Leave every picture out, and print the full listing again exactly.

• **Given material**:
-.-.-
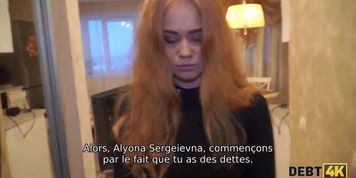 Debt4k. Redhead Knows How To Calm Loan Officer By Having Sex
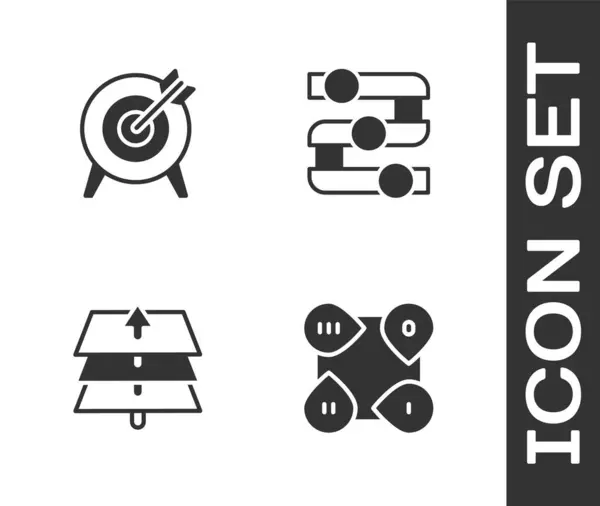 Set Infographic Element Target Layers Graph Chart Diagram Icon Vector — Wektor stockowy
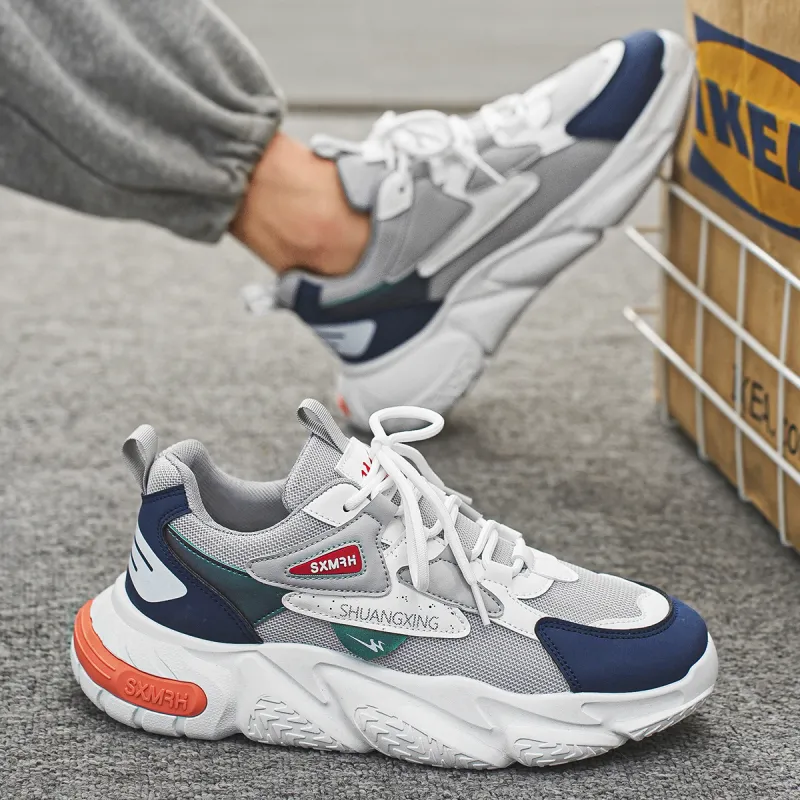 Binary Cushioning Abrasion Resistant Breathable Slip Resistant Low Top Chunky Sneakers Men's Gray Blue-10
-.-.-
• **Written solution**:
 Debt4k. Redhead Knows How To Calm Loan Officer By Having Sex
 Set Infographic Element Target Layers Graph Chart Diagram Icon Vector — Wektor stockowy
 Binary Cushioning Abrasion Resistant Breathable Slip Resistant Low Top Chunky Sneakers Men's Gray Blue-10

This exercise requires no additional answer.